<名古屋高裁>美濃加茂市長に逆転有罪 浄水設備で現金授受

http://headlines.yahoo.co.jp/hl?a=20161128-00000033-mai-soci

地裁判決は中林受刑者の供述が捜査段階で変遷しているなどとして「信用性に疑問がある」と判断した。検察側は「信用性に疑いをいれる余地はなく重大な事実誤認がある」と控訴した。

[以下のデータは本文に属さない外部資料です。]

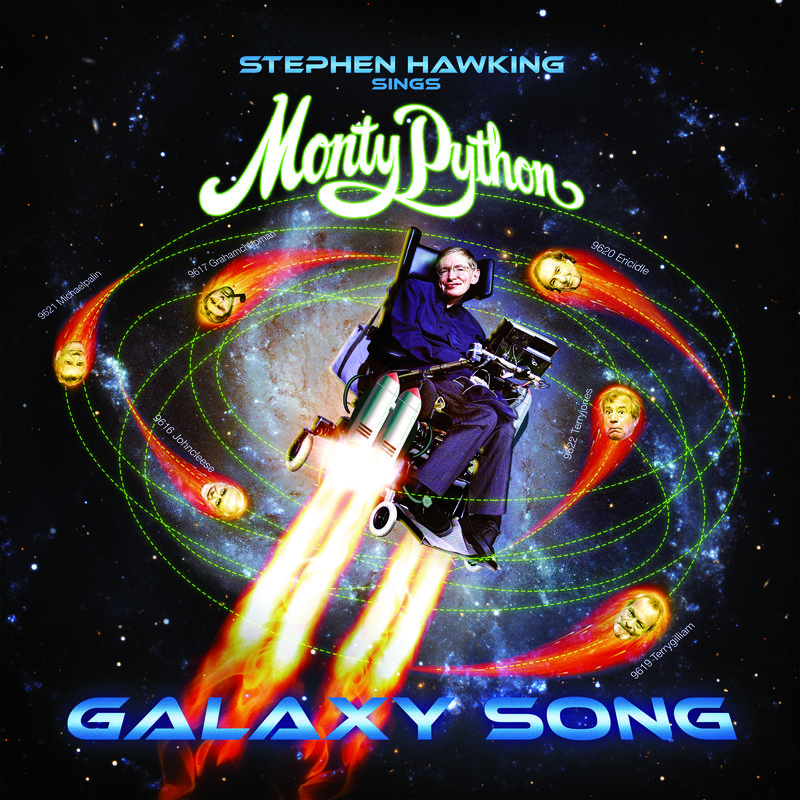 Stephen Hawking Sings Monty Python Galaxy Song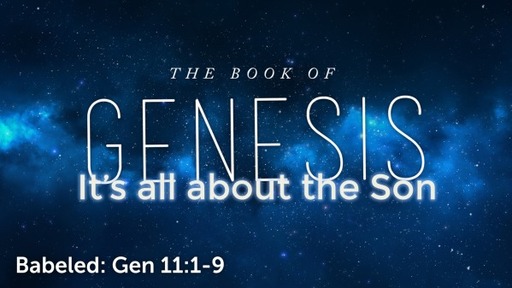 Babeled: Gen 11:1-9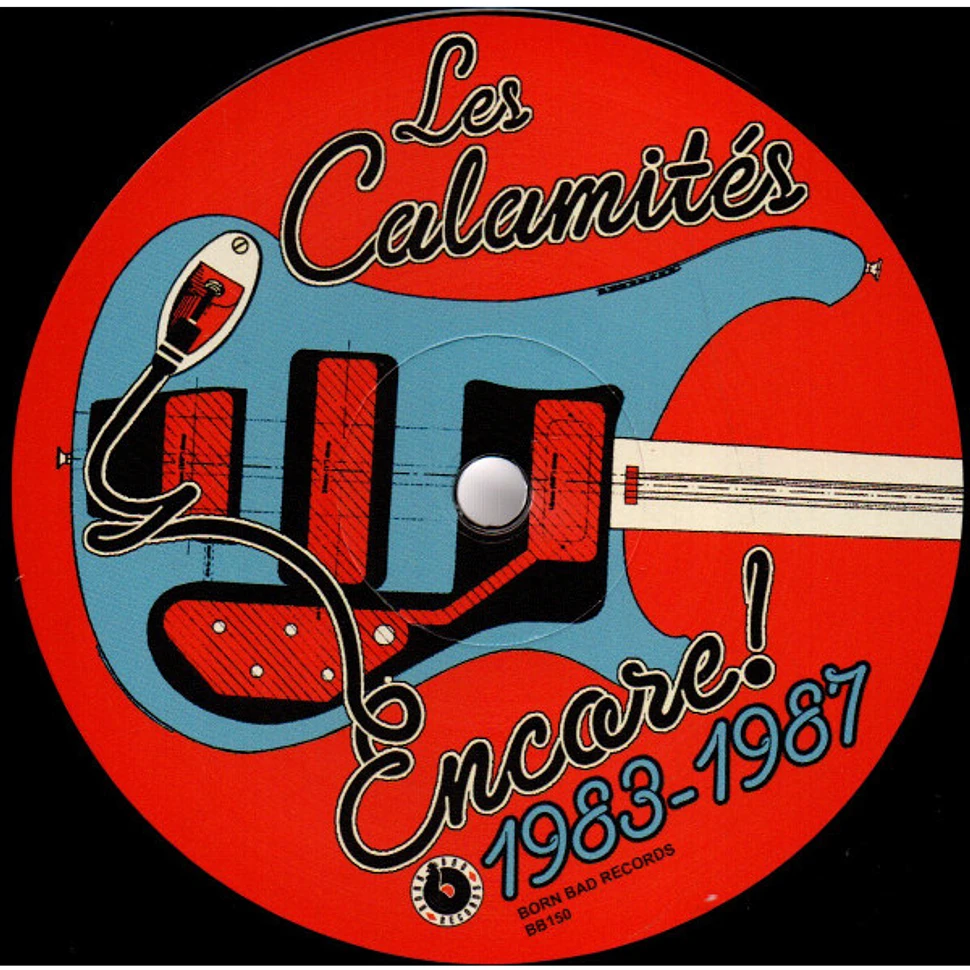 Les Calamites - Encore! 1983-1987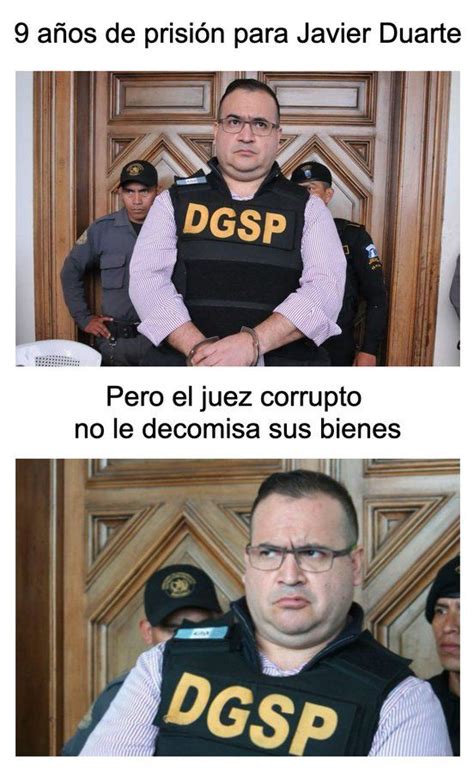 Mira Los Memes Y Reacciones Sobre El Castigo De 9 Años En Prisión De Javier Duarte Crónica Puebla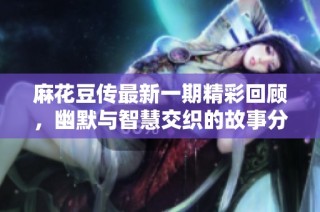 麻花豆传最新一期精彩回顾，幽默与智慧交织的故事分享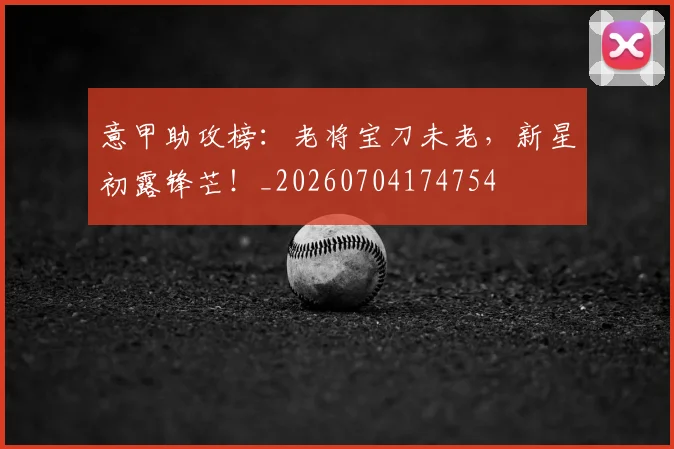 意甲助攻榜：老将宝刀未老，新星初露锋芒！_20260704174754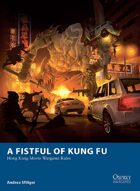 A Fistful of Kung Fu – Hong Kong Movie Wargame Rules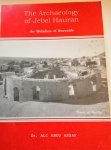 Ali Abou Assaf - The archaeology of Jebel Hauran : the Mohafaza of Souweida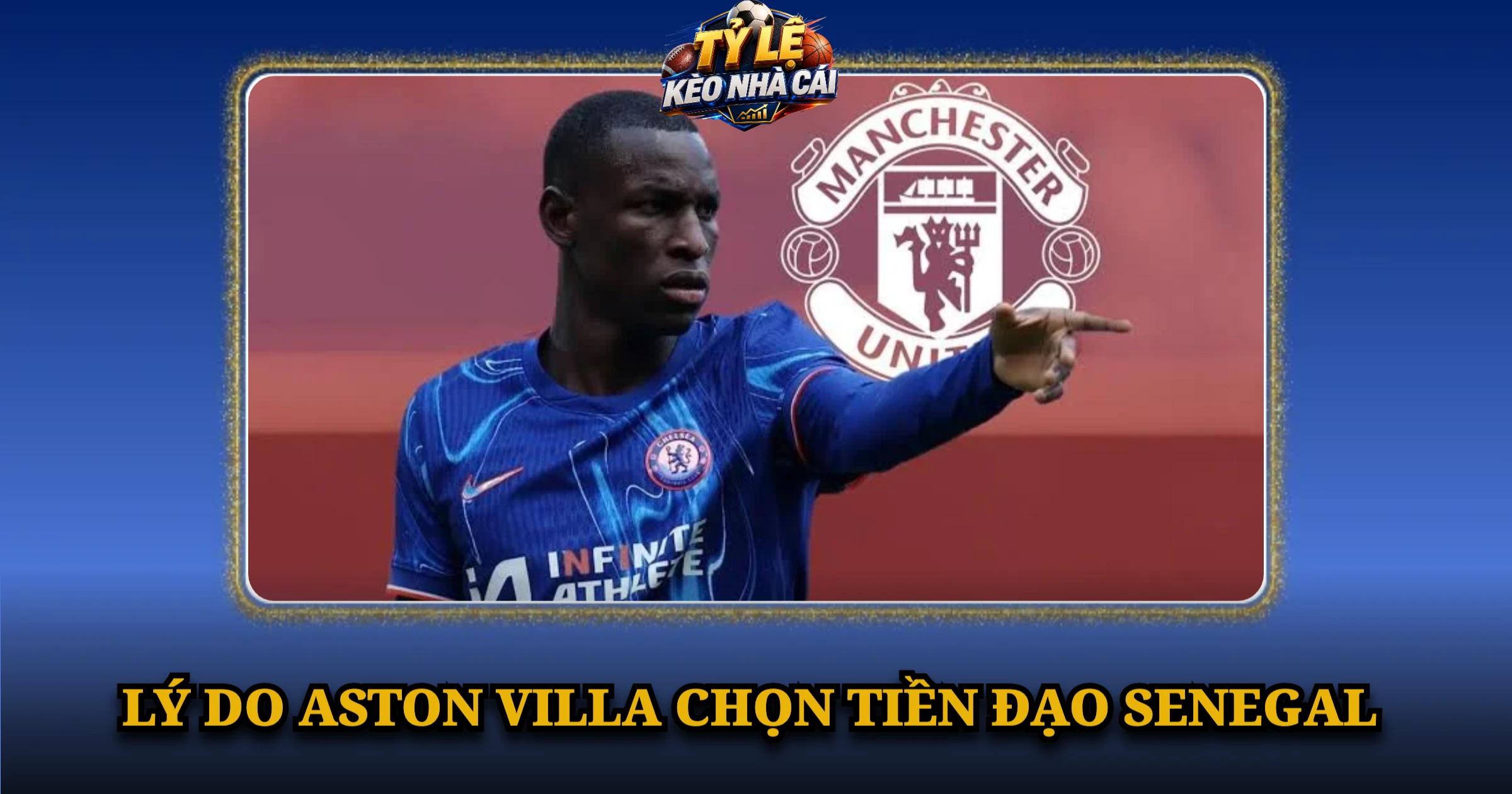 Chuyển Nhượng Nicolas Jackson Và Bản Hợp Đồng Đắt Nhất Lịch Sử Aston Villa 2 Lý Do Aston Villa Chọn Tiền Đạo Senegal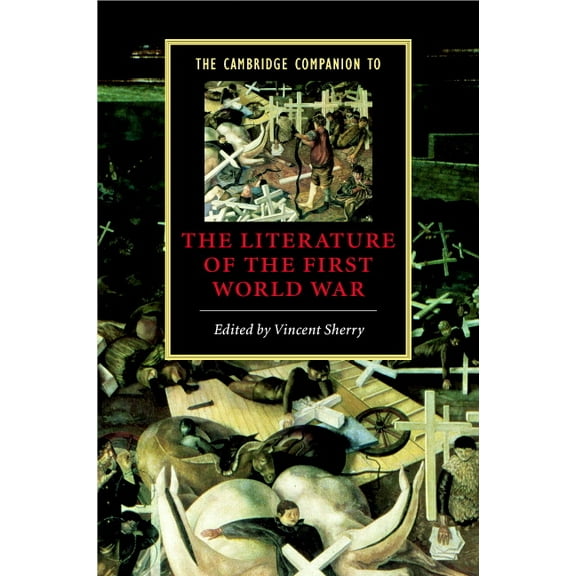 Cambridge Companions to Literature The Cambridge Companion to the Literature of the First World War, (Hardcover)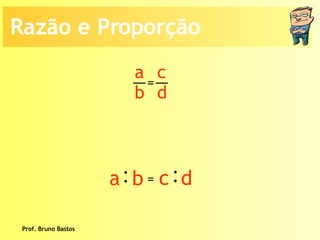 Prof. Bruno Bastos Razão e Proporção a b c d =  : a  b : c  d = 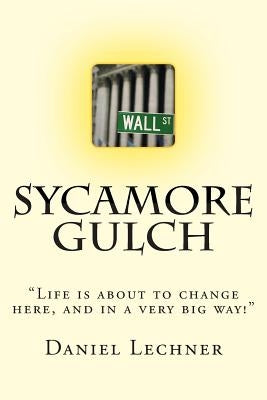 Sycamore Gulch by Lechner, Daniel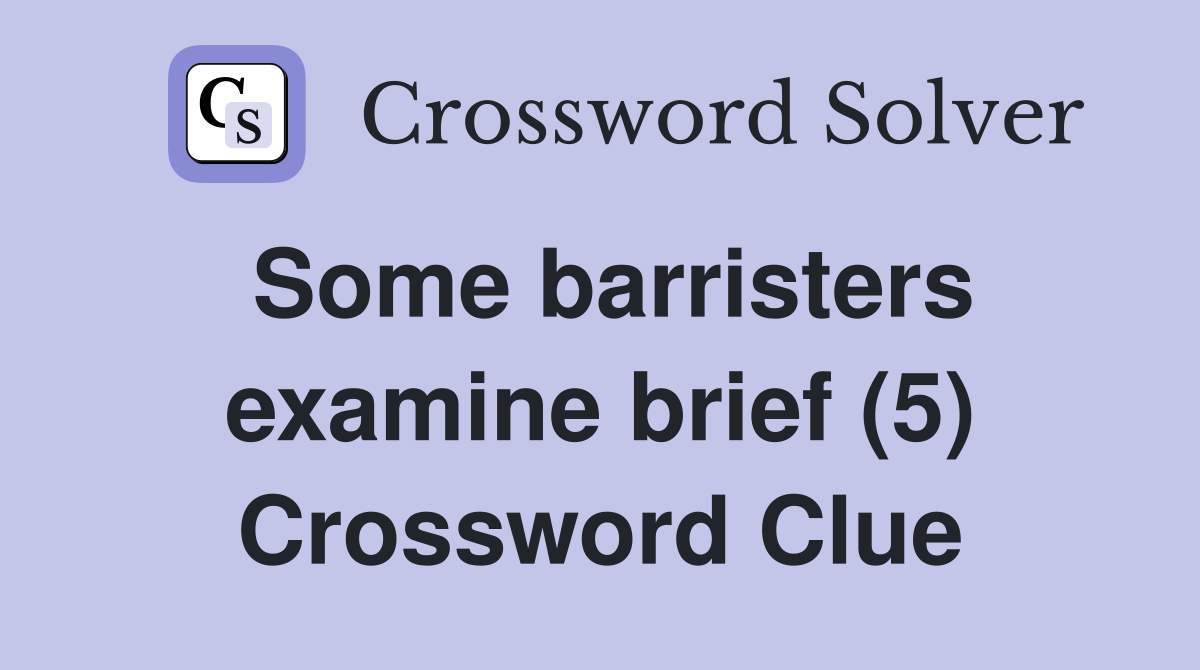 Some barristers examine brief (5) Crossword Clue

この事件については、過去に本ブログで取り上げたりマスコミの求めに応じてコメントしていて、

http://d.hatena.ne.jp/yjochi/20150306#p2
http://d.hatena.ne.jp/yjochi/20150826#p2
http://bylines.news.yahoo.co.jp/egawashoko/20160224-00054734/

この高裁判決についても複数のマスコミにコメントしたのですが、決定的であったと思われるのは、贈賄側の証言そのものについて、裁判所がどういう心証を得たか、そこが地裁と高裁では大きく分かれたということであったように思います。
その人自身の話を聞くとともに、その裏付けになる、あるいは逆にその信用性を否定する方向に働く他の証拠を見ていく、その作業を積み重ねることで裁判官は心証を形成します。その出発点はその人の証言そのもので、本件では、裏付ける、あるいは信用性を否定する方向での証拠はそれぞれ決定的なものではなく、言葉は悪いですが、「有罪、無罪、どちらの判決でも書ける」事件です(実際に地裁と高裁で判決が180度異なっています)。そこを分けたのは、担当した裁判官の全人格的な判断としての心証(贈賄側に対する)だったのではないかという印象を、私は受けています。
もちろん、有罪が正しい、無罪が正しいと決め付けることは困難ですが、高裁判決についての情報に接していると、従来のこの種事件に対する裁判所の事実認定の流れに沿った手法での認定ではないかと思われるものはあり、特に違和感は感じませんでした。
私自身、証拠を見ておらず、贈賄側の証言を聞いてもいないので、有罪、無罪どちらの心証も形成できないのですが、あくまで印象として言えば、高裁判決が指摘しているように、贈賄側が有利な取り計らいを期待して捜査機関にある程度迎合した面はあったとしても、渡してもいない賄賂をわざわざでっちあげて嘘までついて渡したことにするというのは、常識的に見ても考えにくいものがあり、細かい点での綻びはあるにしても、幹の部分での具体性、一貫性がある、供述の出方、記憶喚起の経過にも特段不自然な点はなく周辺証拠との整合性もあるということであれば、裁判官が有罪という心証を抱くことには一定の合理性はあるだろうとは思います。
今後、最高裁がこの事件を見て、どういった心証を抱き判断を示すのか、大きく注目されるところだろうと思います。
収賄事件で、特に収賄側が金銭授受を否認している場合の事実認定の難しさは

http://d.hatena.ne.jp/yjochi/20140705#1404544865

でもコメントしたことがありますが、実に難しいものであるということを改めて感じました。